TASK DESCRIPTION:
The data below is to be transcribed word for word; pictures are to be excluded.

DATASET EXCERPT:
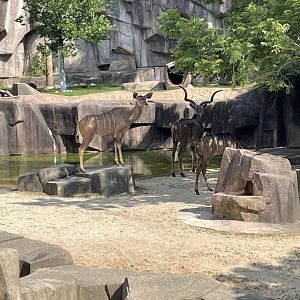 Greater Kudu Trio (6/23/21)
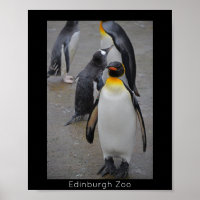 King Penguin & Friends Edinburgh Zoo Scotland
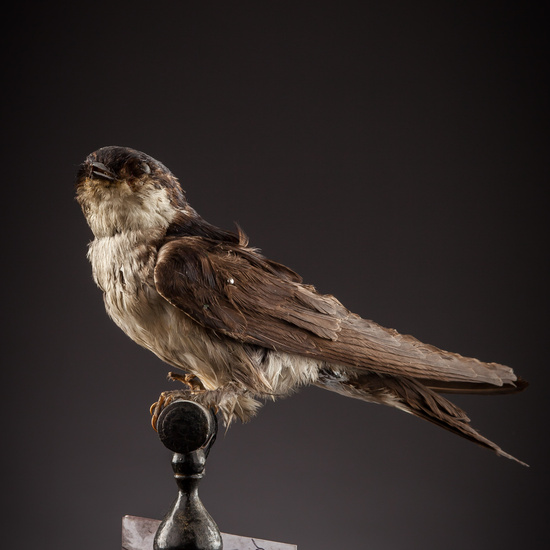 IES_SANISIDRO_BIOLOGIA_425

THE COMPLETED TASK:
 Greater Kudu Trio (6/23/21)
 King Penguin & Friends Edinburgh Zoo Scotland
 IES_SANISIDRO_BIOLOGIA_425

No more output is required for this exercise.